Verslag vergadering Commissie voor Welzijn, Volksgezondheid en Gezin
Verslag
De heer Van Malderen heeft het woord.
Minister, ik hoef het u niet te vertellen: de Vlaamse overheid erkent en subsidieert een centraal tolkenbureau dat bemiddelt tussen de vele gebruikers enerzijds en de ietwat schaarse tolken anderzijds. Wanneer een dove persoon een professionele tolk wil inzetten, kan hij zich tot het centraal tolkenbureau wenden. Het bureau zoekt en engageert vervolgens een tolk en handelt ook de betaling na de prestatie af. In Vlaanderen verzorgt één centrum deze bemiddeling en het werkt voor onderwijs, welzijn, volksgezondheid, gezin en tewerkstelling.
Uit vragen in de Commissie voor Onderwijs is gebleken dat er voor een reeks budgettaire problemen tijdens de voorgaande jaren, waarbij de middelen vóór het einde van het jaar reeds op waren, wel een oplossing is gevonden, maar dat de kous daarmee niet af is. Theoretisch hebben dove personen wel recht op tolkenuren, maar vaak zijn er geen tolken beschikbaar, waardoor lang niet alle vragen kunnen worden ingewilligd.
Ik vind dat uiteraard ook een probleem want daar sta je dan met je rechten, daar sta je dan met je budget – hoe erkentelijk we ook zijn dat die budgettaire problemen zijn opgelost. Het is nog problematischer omdat het de mogelijkheden die het VN-verdrag bevat voor de integratie van mensen met een handicap, in casus doven, hypothekeert.
De Vlaamse Regering hechtte op 15 januari op voorstel van minister Crevits en Vandeurzen haar goedkeuring aan het besluit dat de overkoepelende regels vaststelt voor het centraal tolkenbureau – en dat is opvallend – voor de beleidsdomeinen Onderwijs en Welzijn, Volksgezondheid en Gezin. Niet meer het klaverblad dus, waar ook Werk bijstaat.

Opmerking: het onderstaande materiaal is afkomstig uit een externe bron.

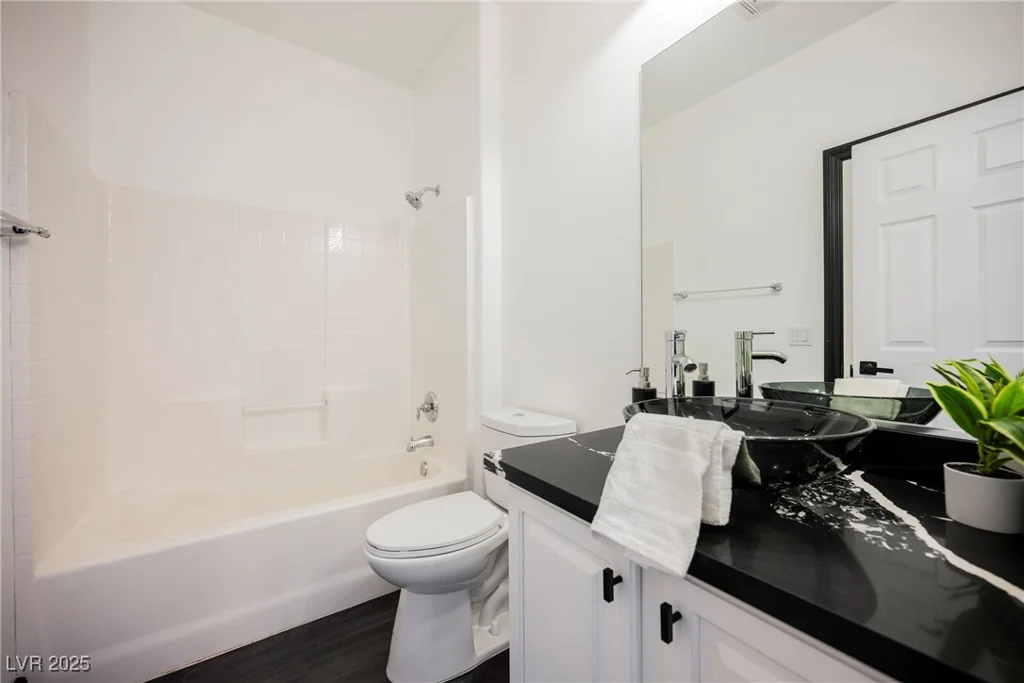 8244 Cupertino Heights, Las Vegas, NV 89178
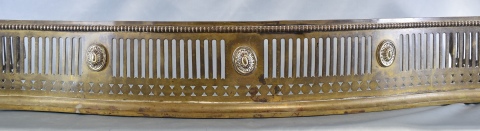 BARANDA DE CHIMENEA, de bronce dorado y calado. Frente: 104 cm. Alto:16,5 cm.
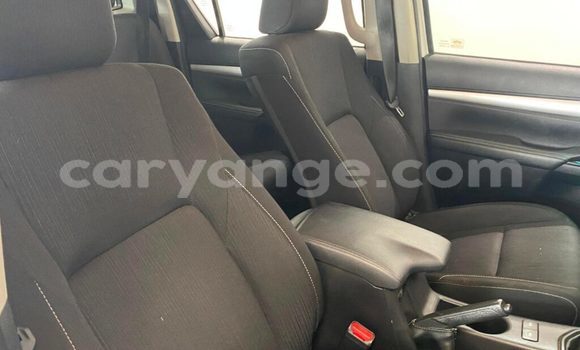 Buy Used Toyota Hilux White Car in Grootfontein in Namibia Buy Used Toyota Hilux White Car in Grootfontein in Namibia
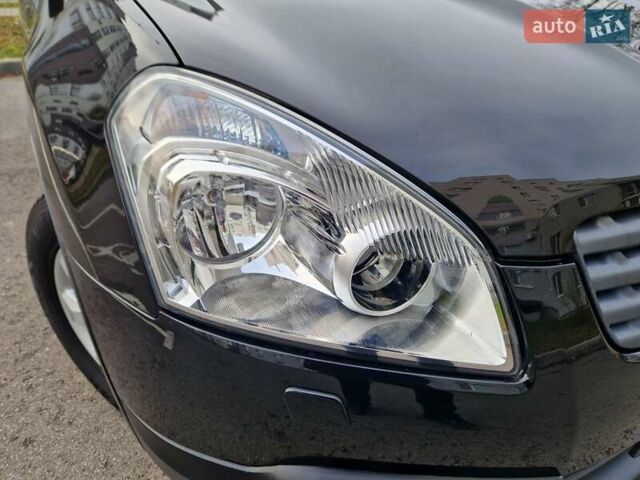 Черный Ниссан Кашкай, объемом двигателя 2 л и пробегом 65 тыс. км за 10400 $, фото 14 на Automoto.ua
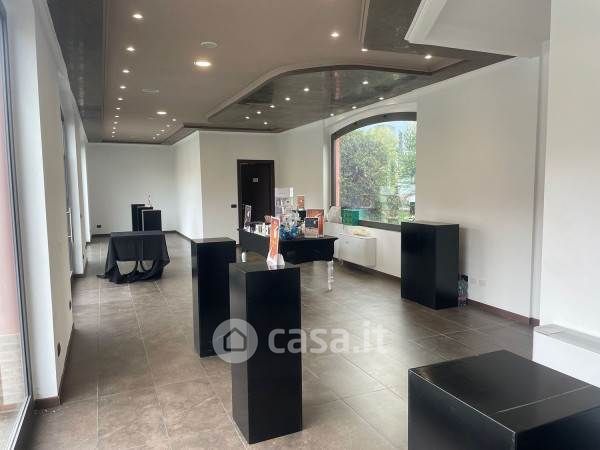 Ufficio in commerciale in 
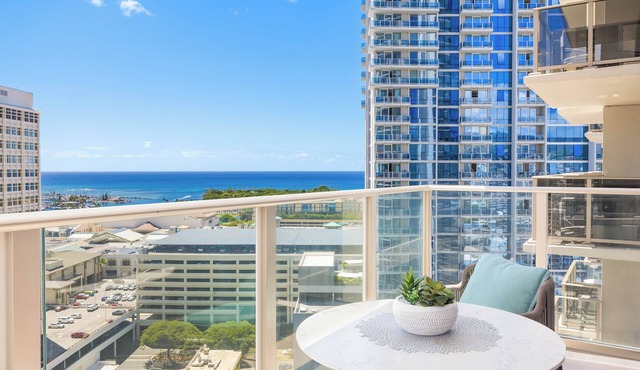 Sky Ala Moana Luxury Getaway with Ocean-City Views & Amazing Resort Amenities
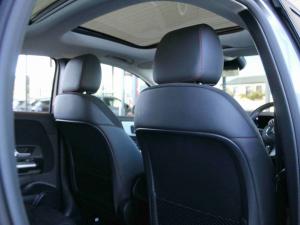 Mercedes-Benz GLA GLA200d Progressive - Image 17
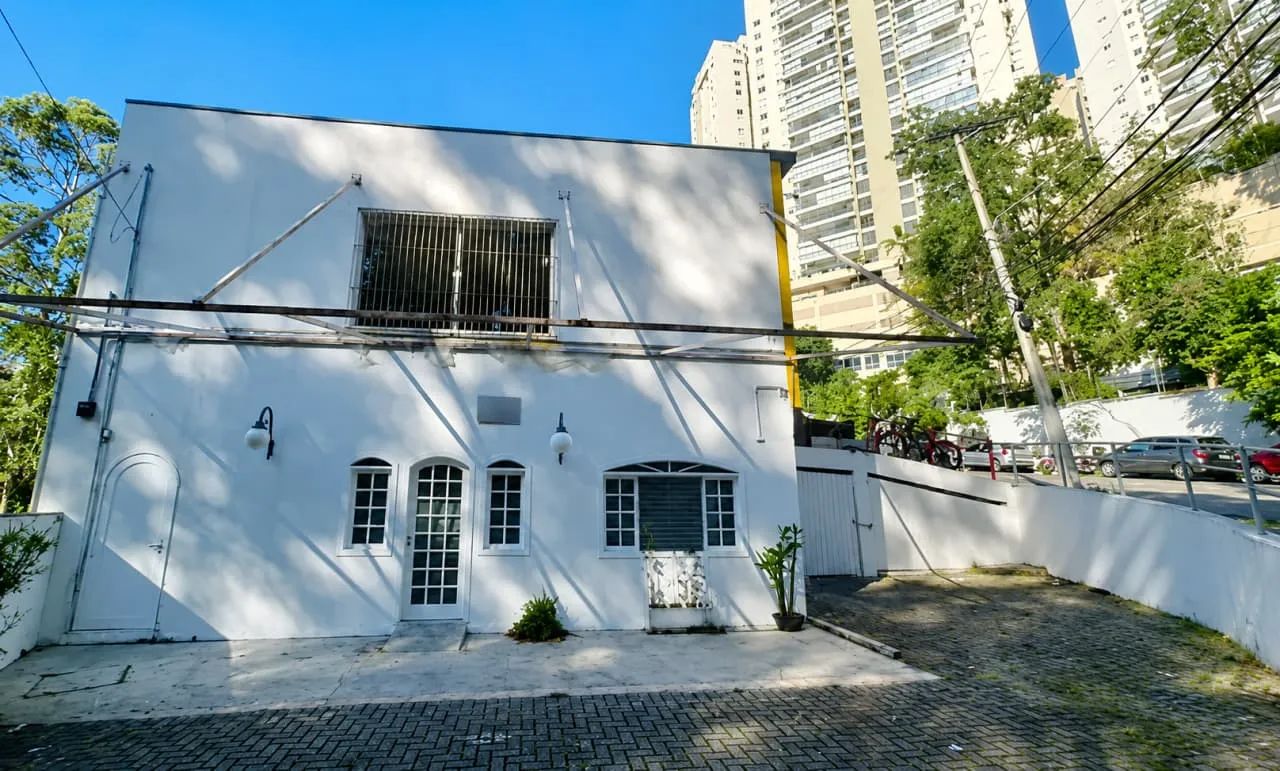 Loja na Rua Francisco Pessoa, 135  174 m² - Foto 2
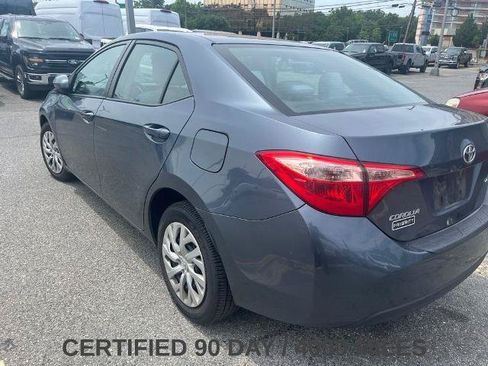 Used 2017 Toyota Corolla LE w/ Carpet Mat Package (TMS) FWD image 5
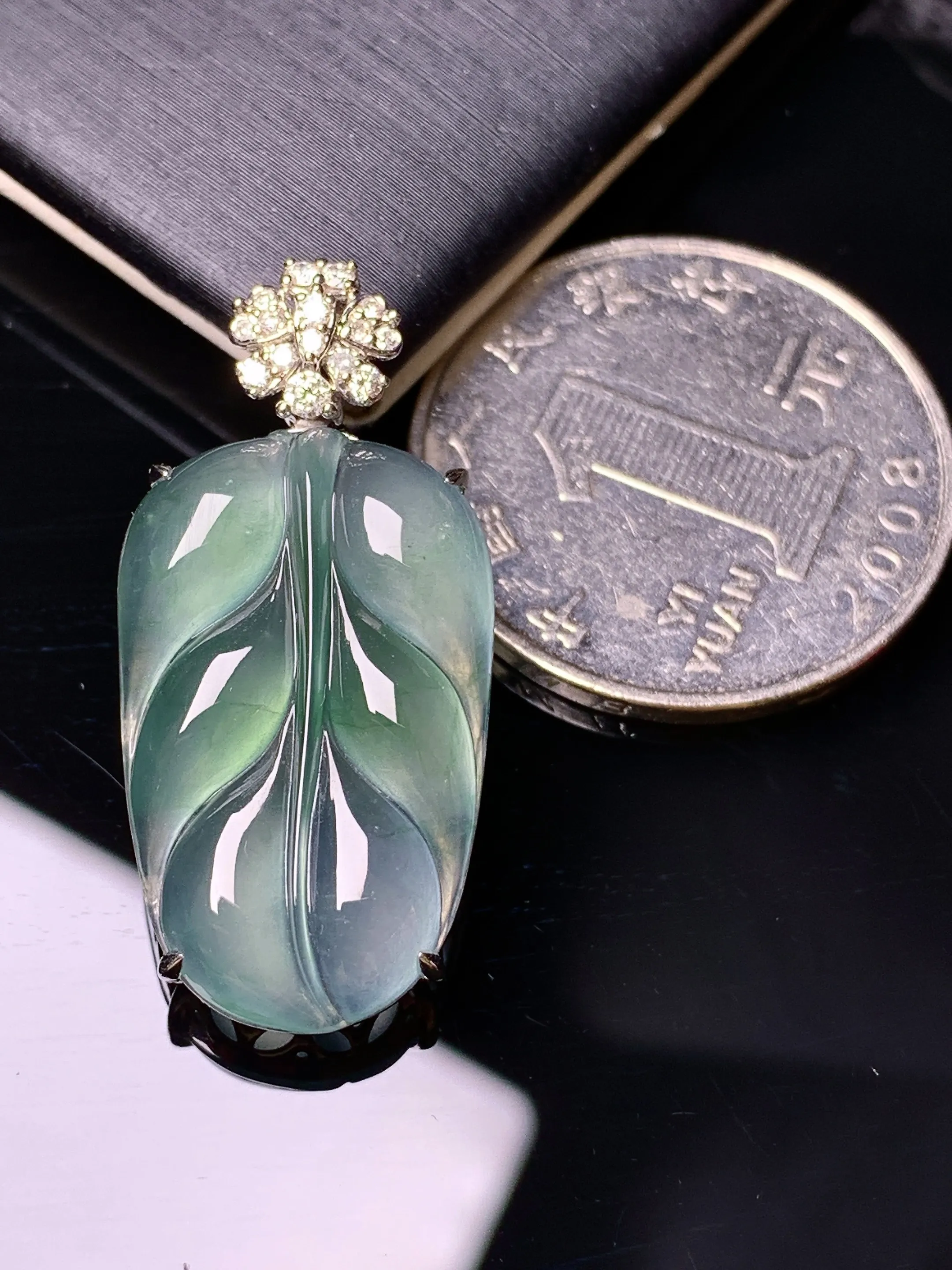 18k金钻镶嵌冰种飘绿树叶吊坠 玉质细腻 色泽清新艳丽 整体尺寸32*15.3*6.5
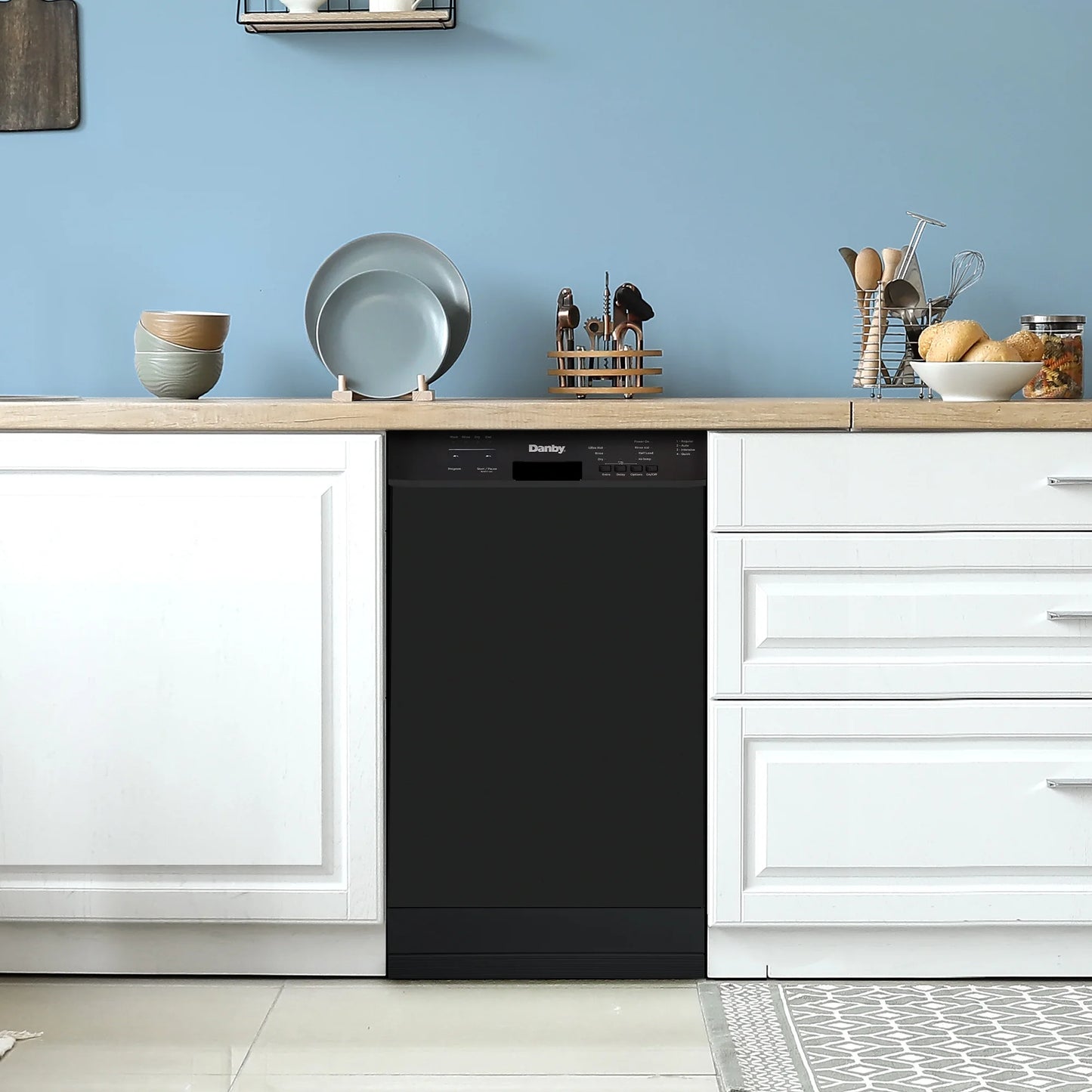 Danby DDW18D1ESS 18" Wide Built-in Dishwasher in Stainless Steel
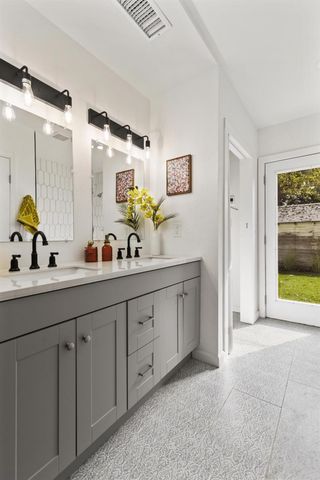 810 13th St, Marysville, CA 95901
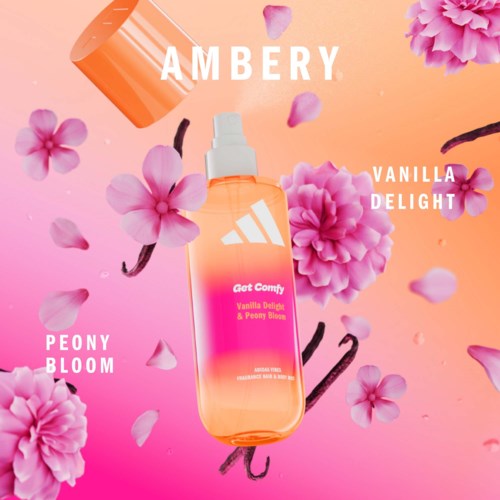 Bernstein-Sprühflasche umgeben von rosa Blumen, mit Text über Vanille-Duft und Pfingstrosen.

Vandaar, minister, mijn volgende vragen. Kunt u toelichting geven bij deze regels en bij de budgetten die vrijgemaakt worden binnen de begroting om de gemaakte overeenkomsten na te komen? Welke garanties kunt u met dit nieuwe besluit aan de gebruikers geven dat er voortaan een echte garantie aan de invulling van hun vraag zal worden gegeven? Waarom is de scope van dit regeringsbesluit beperkt tot Onderwijs en Welzijn, Volksgezondheid en Gezin en waarom is Werk daar niet bij? Vandaar dat de vraag ook initieel was gesteld aan minister Muyters.
Minister Vandeurzen heeft het woord.
Collega’s, het beleidsdomein Welzijn, Volksgezondheid en Gezin maakte binnen zijn begroting middelen vrij voor de harmonisatie van de audiologische voorwaarden om recht te hebben op tolkuren leefsituatie (L-uren) voor 54.525 euro en voor de mogelijkheid om teletolken voor 24.000 euro en afstandstolken voor 85.000 euro structureel te verankeren. De middelen kwamen er via het uitbreidingsbeleid 2015 en via interne verschuivingen binnen de begroting van het Vlaams Agentschap voor Personen met een Handicap (VAPH).
Uiteraard moeten we werken binnen wat in de begroting mogelijk is, maar het goedgekeurde besluit van de Vlaamse Regering geeft het VAPH de mogelijkheid om het L-urencontingent flexibel en eenvoudig aan te passen. We hopen dat op die manier de aanvragen ook goed beantwoord kunnen worden.
Het beleidsdomein Werk was nauw betrokken bij het voorbereidend werk van het besluit van de Vlaamse Regering. Vanwege de specifieke situatie van Onderwijs en Welzijn was er echter tijdsdruk om het besluit in het laatste kwartaal van 2015 ter goedkeuring voor te leggen aan de Vlaamse Regering. De tijd om het besluit verder te uniformiseren tussen de drie betrokken beleidsdomeinen ontbrak. De besprekingen rond de verdere uniformisering worden dit jaar voortgezet. Zaken die verder uitgeklaard moeten worden zijn onder andere de definitie voor de erkenning van de doelgroep, de financiering van en samenwerking met het Communicatie Assistentie Bureau, het inzetten van tolken international sign enzovoort. Voor Werk betekende het desbetreffende besluit een complexere regelgeving dan diegene die momenteel geldt binnen het beleidsdomein.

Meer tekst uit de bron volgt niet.